Un fenómeno imparable: con más de 23 millones de ejemplares vendidos en 54 lenguas y un millón en castellano, Cometas en el cielo puede considerarse un clásico contemporáneo.
Sobre el telón de fondo de un Afganistán respetuoso de sus ricas tradiciones ancestrales, la vida en Kabul durante el invierno de 1975 se desarrolla con toda la intensidad, la pujanza y el colorido de una ciudad confiada en su futuro e ignorante de que se avecina uno de los períodos más cruentos que han padecido los milenarios pueblos que la habitan.
Con apenas doce años, Amir se propone ganar la competición anual de cometas de la forma que sea, incluso a costa de su inseparable Hassan, un hazara de clase inferior que ha sido su sirviente y compañero de juegos desde la más tierna infancia. Así, empeñado en demostrarle a su padre que ya es todo un hombre, Amir pondrá en peligro una amistad fraguada a lo largo de años de enfrentarse a todos los peligros imaginables, y aprenderá una verdad que lo acompañará el resto de su vida.

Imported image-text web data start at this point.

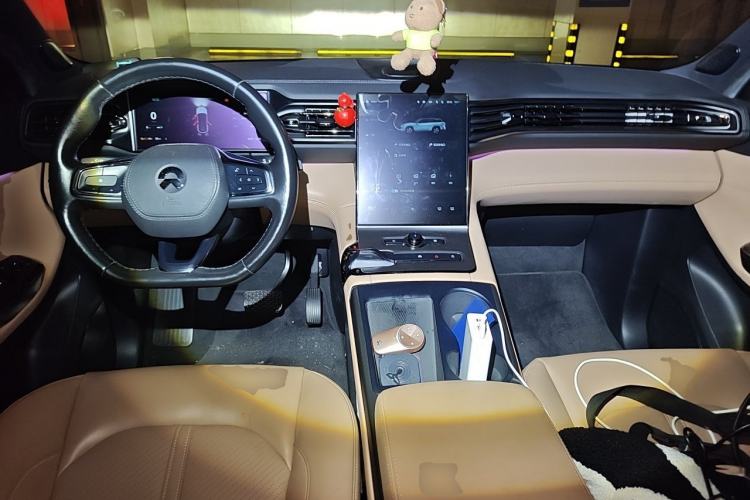 Used Nio ES6 2022 100kWh Sport Edition Center Console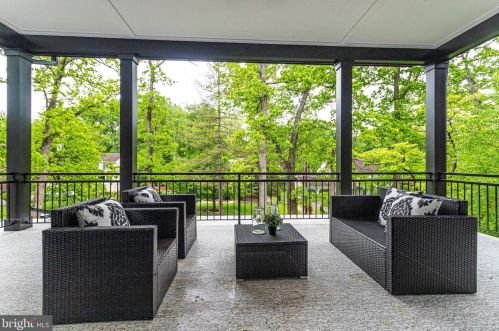 1520 Brookhaven Dr, Mc Lean VA  22101-4127 exterior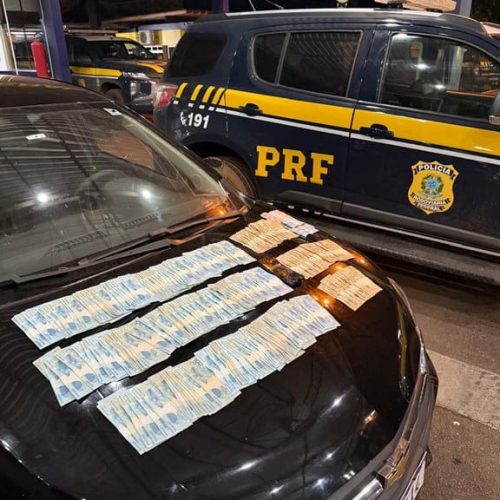 Casal em carro com registro criminal é flagrado pela PRF com R$ 20 mil em caixa de remédio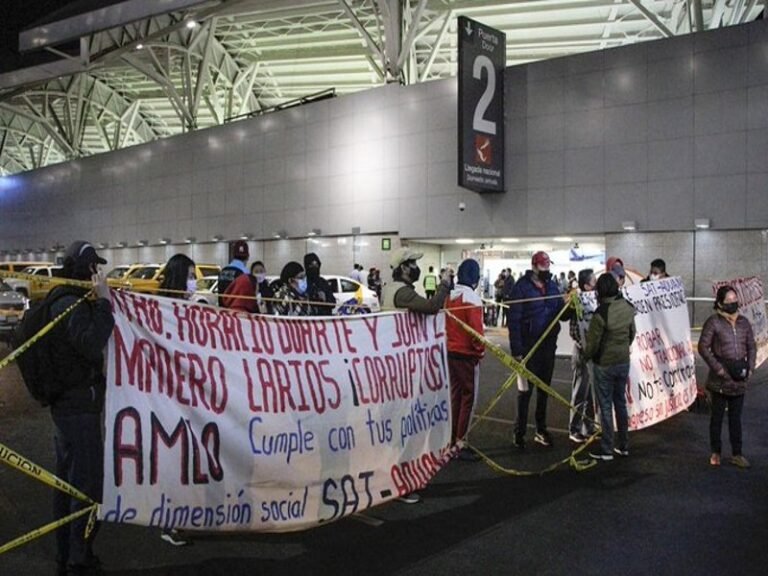 Manifestantes mantienen plantón en acceso a la Terminal 1 del AICM
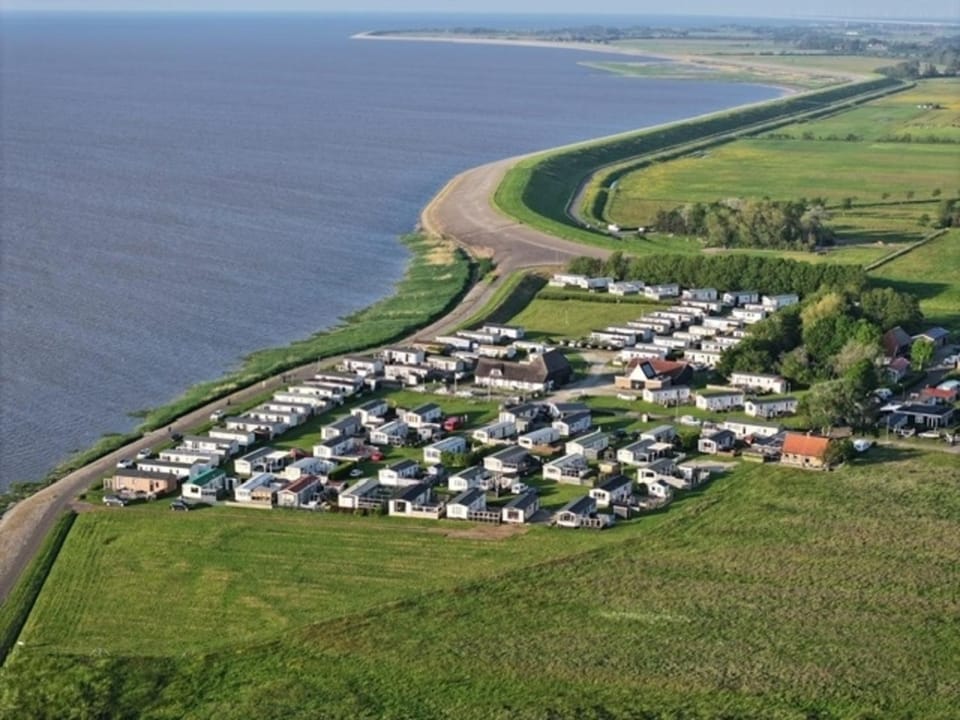 Nr 90 Neues, ruhiges Ferienhaus direkt am Wattenmeer, hundefreundlich, komplett eingezäunt House in North Holland (province)
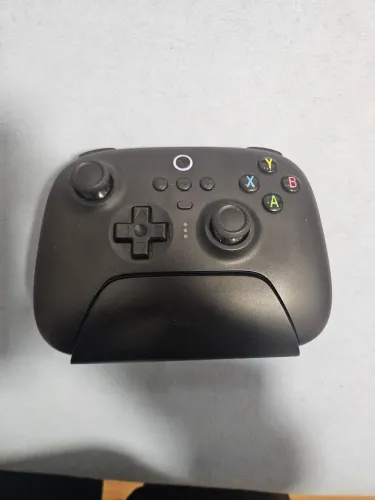 8BitDo Ultimate - Controle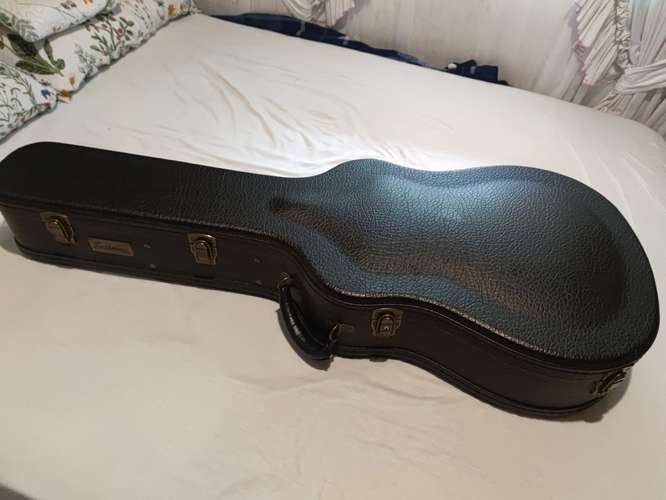 Guitarra dreadnought Eastman E20D-TC (thermo curve)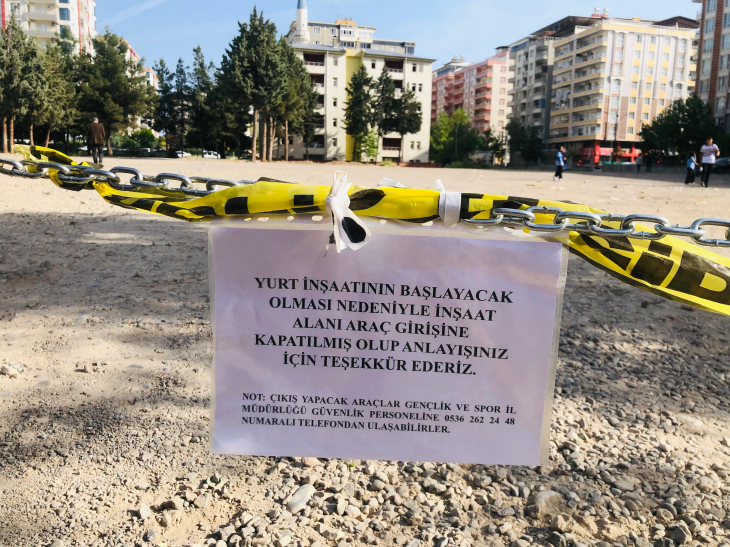 Siirt'te Otopark Alanı Olarak Kullanılan Eski KYK Binası alanı Kapatıldı! Yurt İnşaatına Başlanacak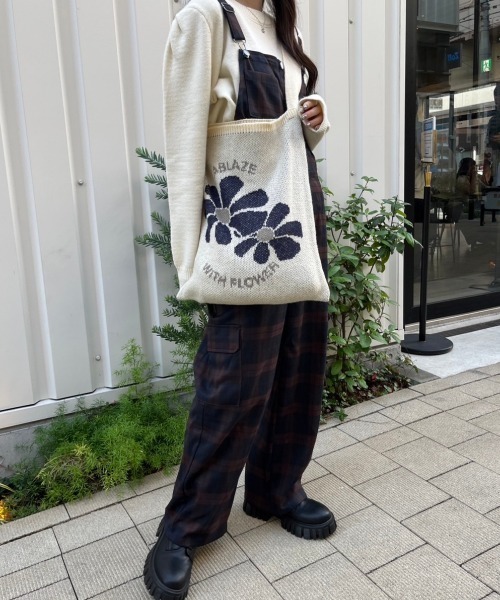 【美品】希少‼️ コットン ニット ベーシック 花柄 フラワー　Niche. somari imagination花柄刺繍Vネックニット』レディース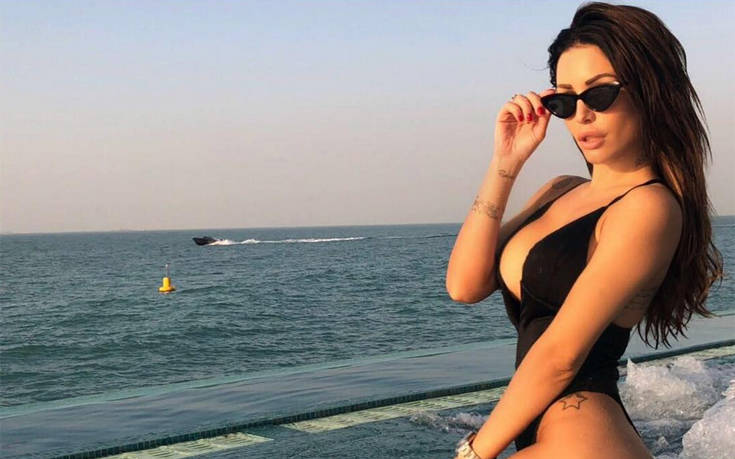 Η Marika Baldini και οι σέξι πόζες της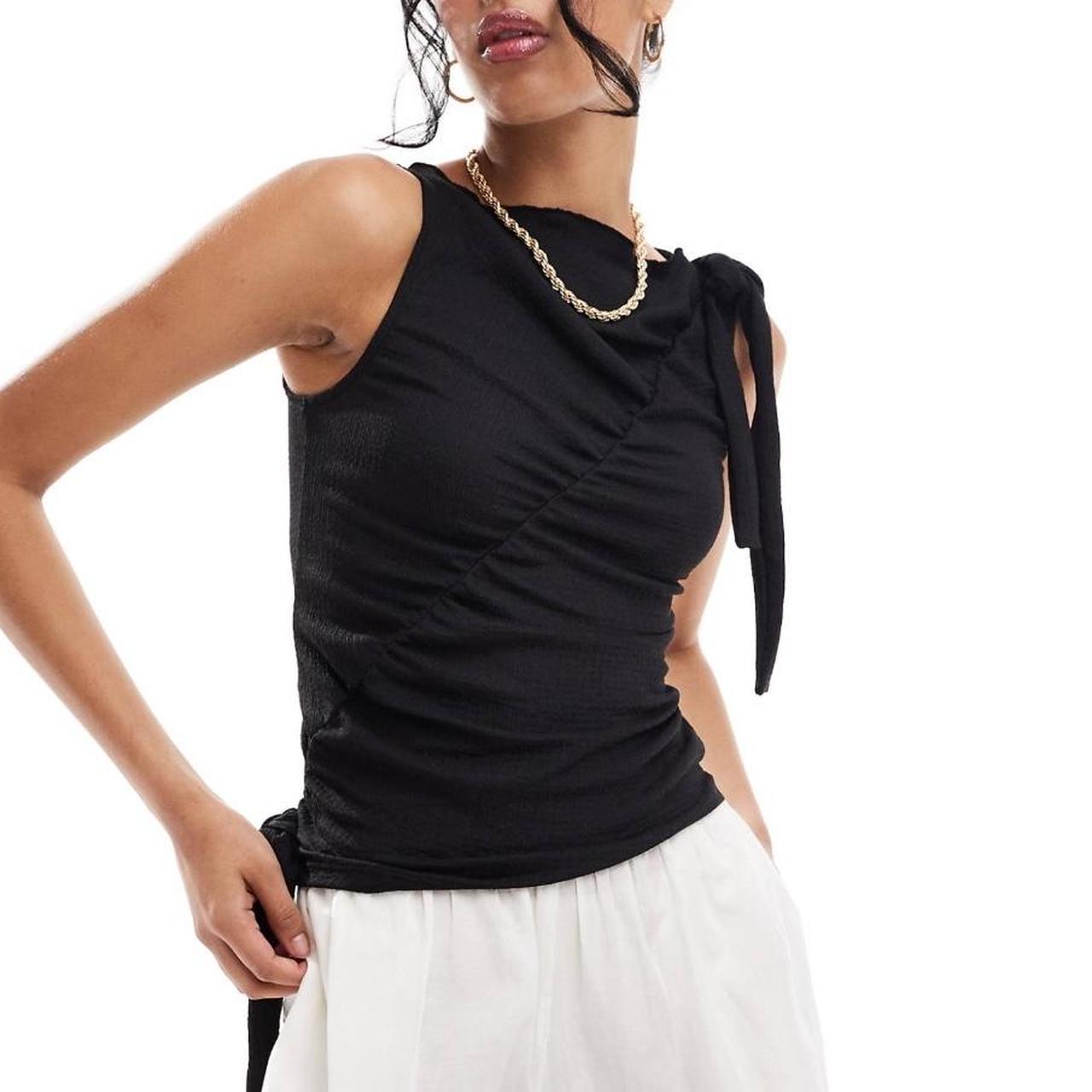 item listed by ___nadinnnee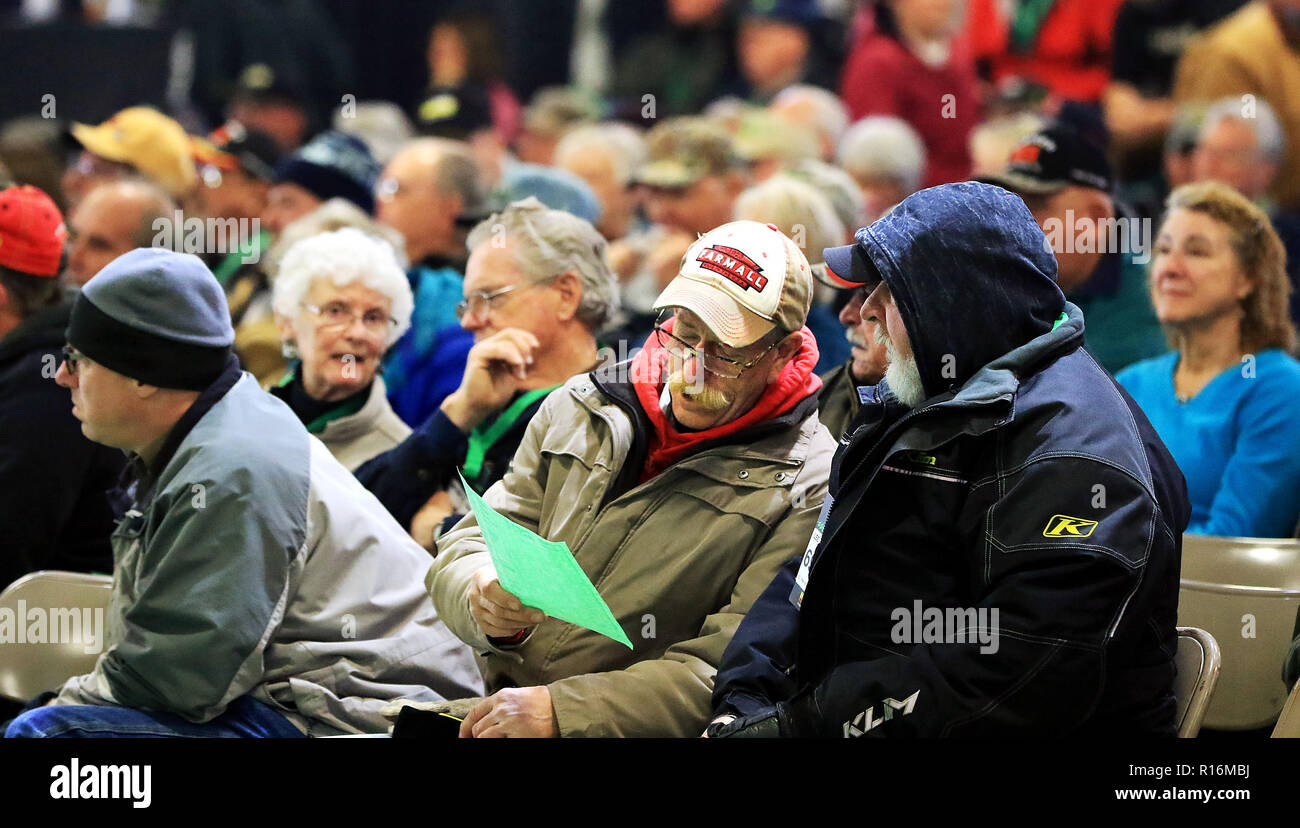 Davenport, Iowa, USA. 9 Nov, 2018. Gli offerenti guardare oltre l'elenco di trattori in arrivo per le scene di offerta durante il Mecum Auctions' andato Farmin' vendita tenuto presso la Mississippi Valley Fair Center in Davenport Novembre 9, 2018. Credito: Kevin E. Schmidt/Quad-City volte/ZUMA filo/Alamy Live News Foto Stock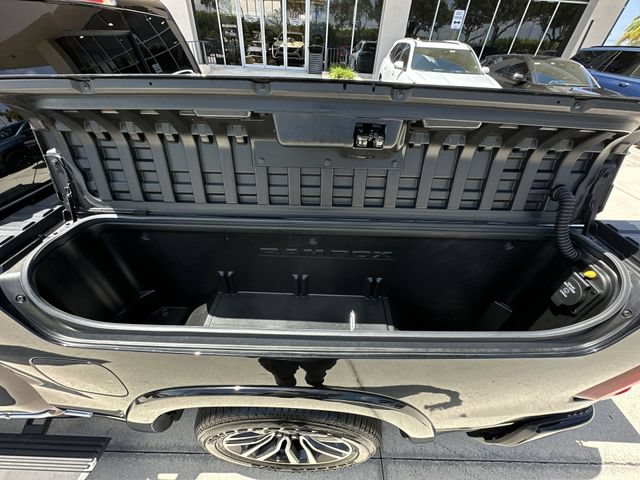 Used 2025 RAM 1500 Limited w/ Body Color Bumper Group AWD/4WD image 33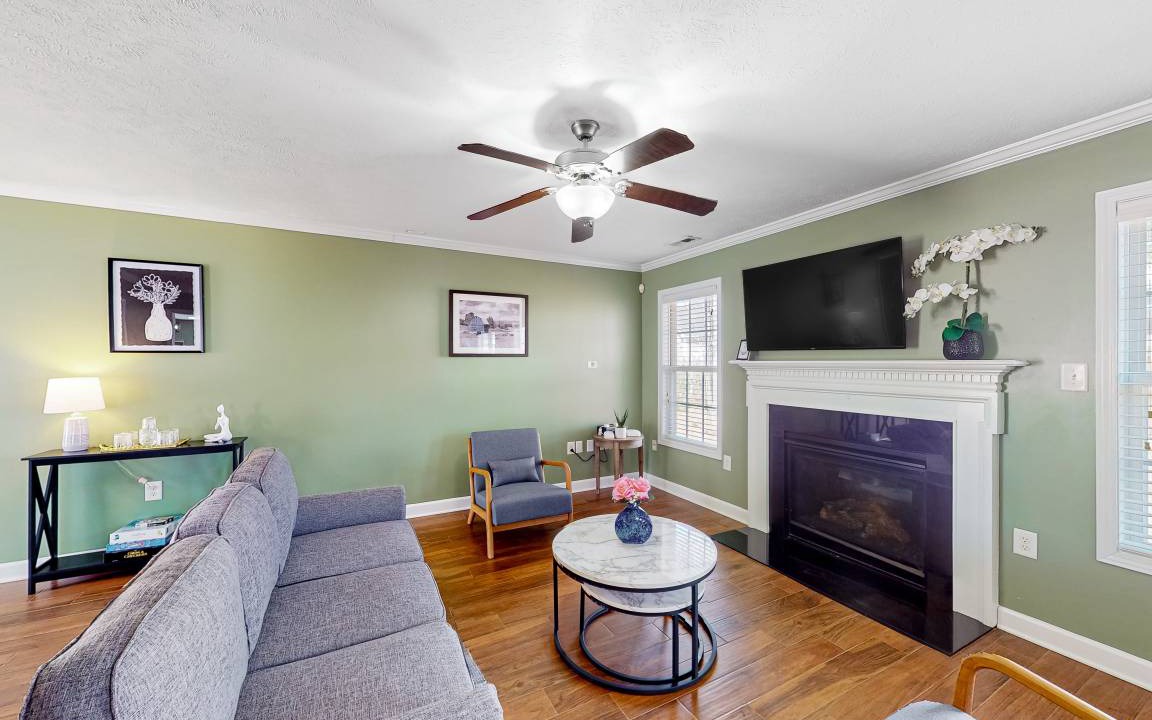 Photo of Livingroom in Cameron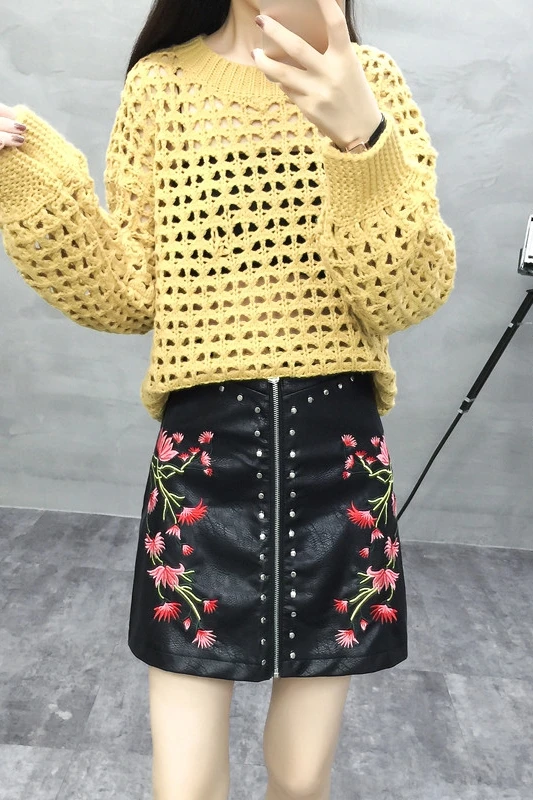2019 Embroidered rivet leather skirt embroidered PU leather skirt a word bag hip skirt
2019 Embroidered rivet leather skirt embroidered PU leather skirt a word bag hip skirt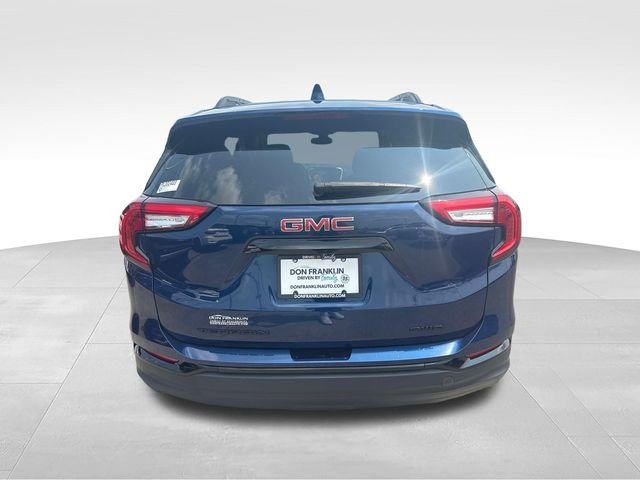 Used 2023 Blue GMC SLE image 4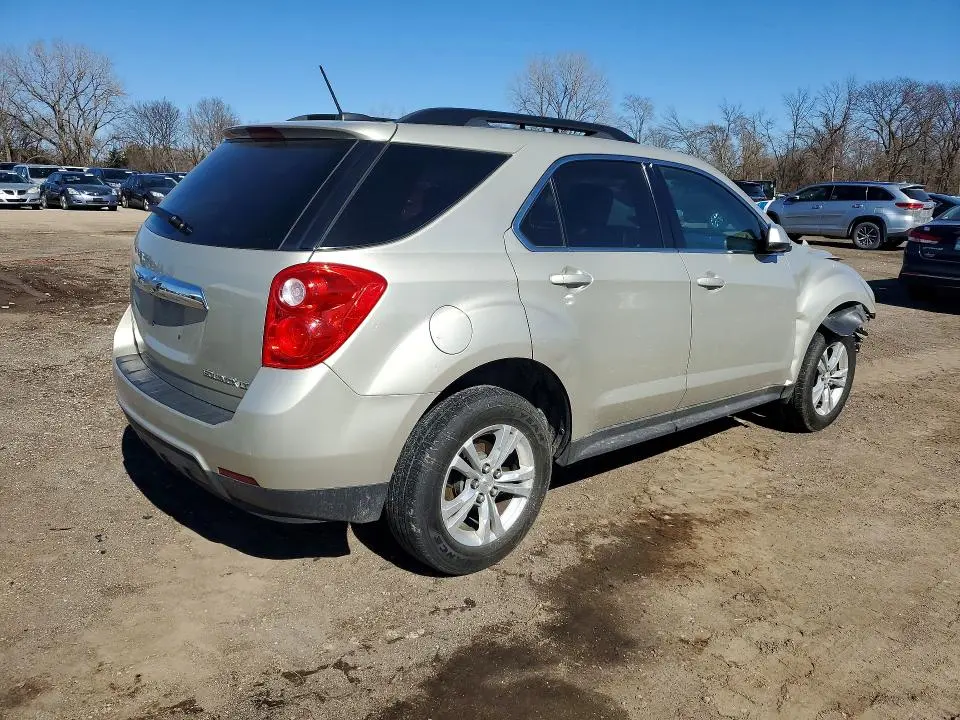 2015 CHEVROLET EQUINOX LT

Esta es la conmovedora historia de dos padres y dos hijos, de su amistad y de cómo la casualidad puede marcar un hito inesperado en nuestro destino. Una novela inolvidable, de la mano de uno de los autores más leídos en todo el mundo.
Cometas en el cielo-(Extrait)
Este libro está dedicado a Haris y Farah, noor de mis ojos, y a los niños de Afganistán.
Me convertí en lo que hoy soy a los doce años. Era un frío y encapotado día de invierno de 1975.
Recuerdo el momento exacto: estaba agazapado detrás de una pared de adobe desmoronada, observando a hurtadillas el callejón próximo al riachuelo helado.
De eso hace muchos años, pero con el tiempo he descubierto que lo que dicen del pasado, que es posible enterrarlo, no es cierto.
Porque el pasado se abre paso a zarpazos.
Ahora que lo recuerdo, me doy cuenta de que llevo los últimos veintiséis años observando a hurtadillas ese callejón desierto.
Mi amigo Rahim Kan me llamó desde Pakistán un día del verano pasado para pedirme que fuera a verlo. De pie en la cocina, con el auricular pegado al oído, yo sabía que no era sólo Rahim Kan quien estaba al otro lado de la línea.
Era mi pasado de pecados no expiados.
En cuanto colgué, salí a dar un paseo por Spreckels Lake, en la zona norte de Golden Gate Park.
El sol de primera hora de la tarde centelleaba en el agua, donde docenas de barcos diminutos navegaban empujados por una brisa vivificante.
Levanté la vista y vi un par de cometas rojas con largas colas azules que se elevaban hacia el cielo. Bailaban por encima de los árboles del extremo oeste del parque, por encima de los molinos de viento. Flotaban la una junto a la otra, como un par de ojos que observaran San Francisco, la ciudad que ahora denomino «hogar».